Nearly 100 people were killed in a gruesome overnight attack on a village in central Mali, in the latest violence to strike the fragile region, authorities said Monday.
There was no immediate claim of responsibility but the massacre, targeting a village inhabited by the Dogon community, bore the hallmarks of tit-for-tat ethnic attacks that have claimed hundreds of lives.
It came less than three months after nearly 160 members of the Fulani ethnic group were slaughtered by a group identified as Dogon.
“This country cannot be led by a cycle of revenge, and vendetta,” Mali’s President Ibrahim Boubacar Keita told ORTM public television from Switzerland, where he said he was cutting short an official visit.
He called on Malians to come together to “allow our nation to survive, because this is a question of survival.”

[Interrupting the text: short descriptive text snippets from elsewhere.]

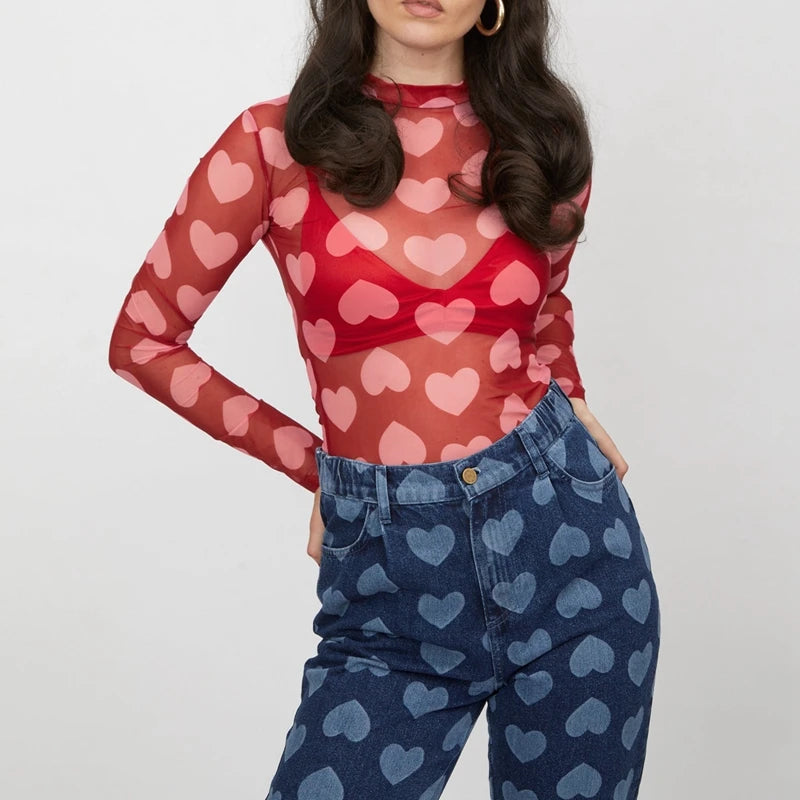 sheer mesh heart top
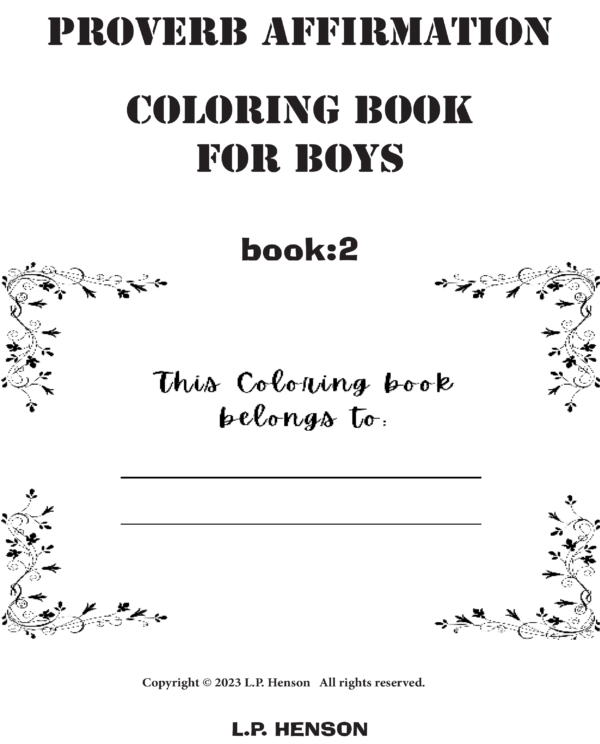 Proverb Affirmation Coloring Book for Boys: Book 1-Vol 2 - Image 2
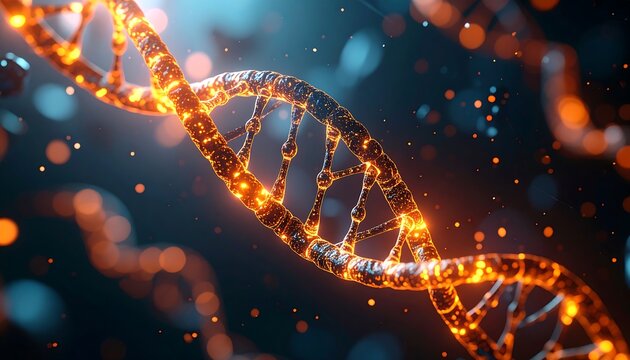 A glowing, intricate 3D illustration depicts a DNA double helix structure with a dynamic, futuristic aesthetic against bokeh lights - Powered by Adobe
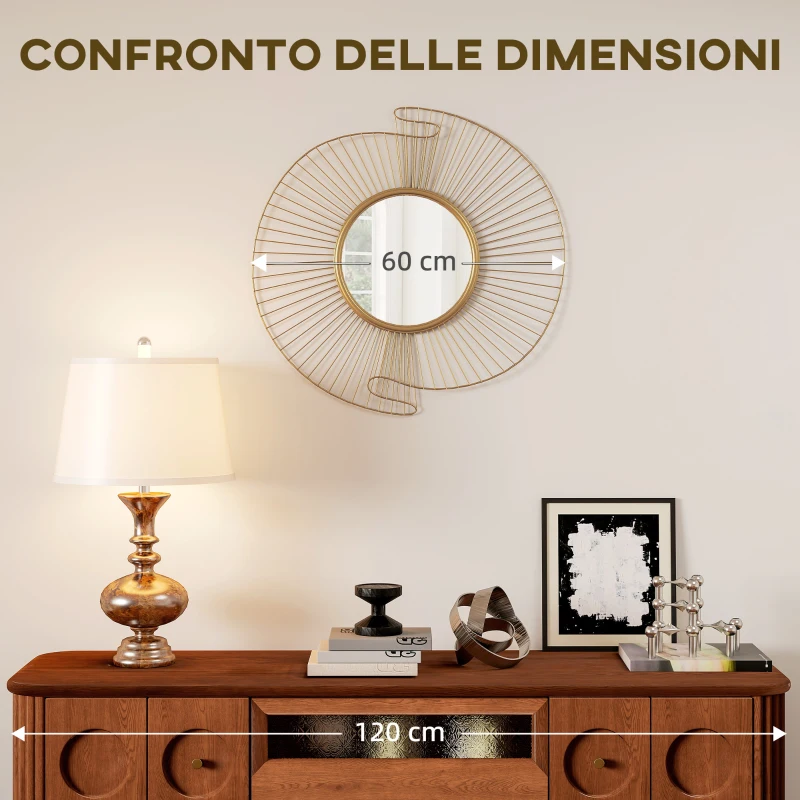HOMCOM Specchio da Parete Rotondo con Strisce in Metallo e Design Plissettato, 60x60 cm, Oro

Local officials in Koundou district, where the Sobane-Kou village was attacked, told AFP 95 people were killed, their bodies burned and others were still missing.
The government, giving a provisional toll, said 95 people had been killed, 19 were missing, numerous farm animals had been slaughtered and homes had been torched.
A brutal cycle of violence in central Mali, an ethnic mosaic, began after a predominantly Fulani jihadist group led by preacher Amadou Koufa emerged in 2015.
Since jihadists recruited mainly from Fulanis, they became associated with them, fuelling tensions with other ethnic groups such as Bambara and Dogon. The Fulani are primarily cattle breeders and traders, while the Bambara and Dogon are traditionally sedentary farmers.
On May 16, the UN peacekeeping mission in Mali (MINUSMA) announced it had recorded “at least 488 deaths” in attacks on Fulanis in the central regions of Mopti and Segou since January 2018.
In the bloodiest raid, about 160 Fulani villagers were slaughtered on March 23 at Ogossagou, near the border with Burkina Faso, by suspected Dogon hunters.
According to MINUSMA, armed Fulanis had “caused 63 deaths” among civilians in the Mopti region, also since January 2018.
There are currently about 14,700 troops and police deployed in Mali, which ranks as the most dangerous UN mission, with 125 peacekeepers killed in attacks since deployment in 2013.
Donor countries to MINUSMA are to meet at the UN on Wednesday. A decision on renewing the force’s mandate is expected by June 27.